Couple of weeks ago I finished putting up the lighting in my new shop/garage. 36' x 26' with 12 foot ceilings. I painted the entire inside a light colored antique white in semigloss, ceiling included. Then hung/screwed nine - 8 foot T-8 fixtures directly to the ceiling. Each of the nine fixtures takes 4 bulbs. Lighting in the shop is really great, seems just like being outside light wise. Plenty of fixtures/lights evenly distributed and the semi paint is great for light reflection so zip/nada for shadows )

Before addressing the lighting I had read here on LJs that T-12s would soon be or are/were getting phased out and or harder to buy. Building the shop got me about broke, so price was more of a consideration than the latest wiz bang in lighting.

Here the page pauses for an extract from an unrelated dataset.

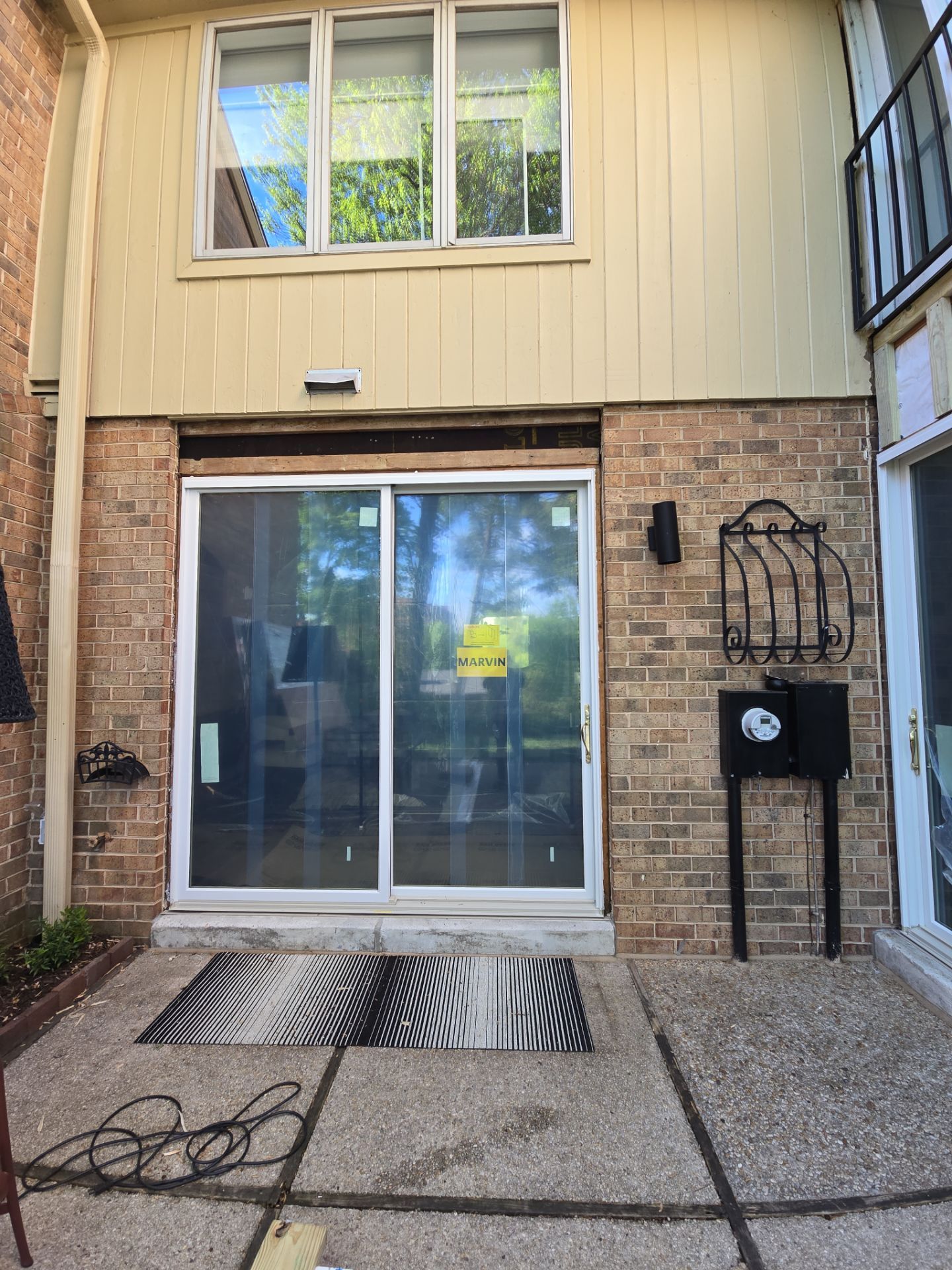 Comprehensive Window and Sliding Door Replacement in Baltimore by Forbes Design Center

T-8 was cheaper than the T-5 so that's the way I went. I' m real happy with the results.

Just hope the progressives/socialists in our government don't phase out the T-8s too soon ;o)


----------



## patron (Apr 2, 2009)

in my 30'x60' old shop
i had 3 rows of lighting every 10'
alternate t-12 tubes and 300 watt incandescent pool table fixtures
each row switched independently
(i had read somewhere that tube lighting alone was not enough)

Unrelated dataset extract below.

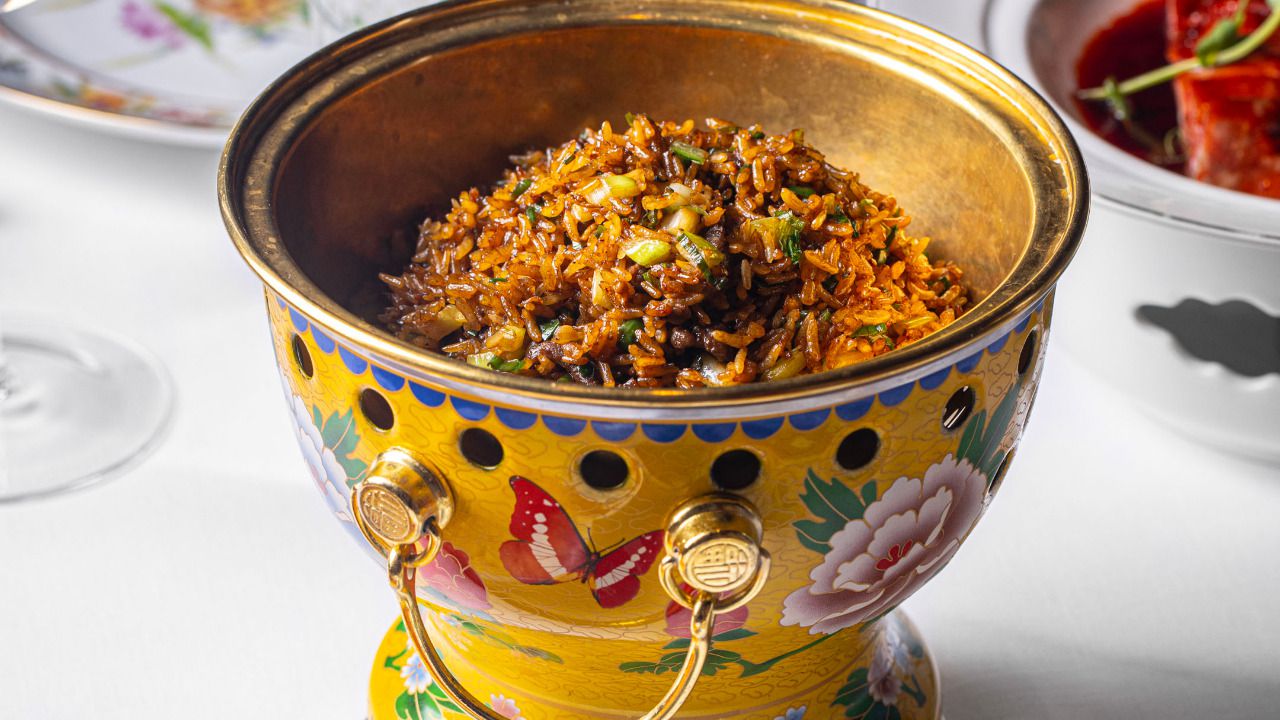 China Taste se puede disfrutar hasta el 3 de marzo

this was before Al Gore invented the internet
and at that time just regular tubes were available
(at least at the big box stores)

thanks everyone for clearing this up

*JayT*
you mentioned hd as a source for the ballasts to swith over to

do you have a code # or brand to look for there


----------



## TravisH (Feb 6, 2013)

There are a lot of aspects that effect comparisons. You see the common ones from wood working sites mentioned here. Get into aquariums and you see a lot of other variables. I have some t5HO systems over my reef tanks that easily throw more usable light because of the reflectors, ballasts, and fans to cool the bulbs/ballasts than units from big box stores (would have to run more bulbs on the box stores) but we are in a totally different price ballgame with these units (550 for the fixture and mid 20s for a light bulb).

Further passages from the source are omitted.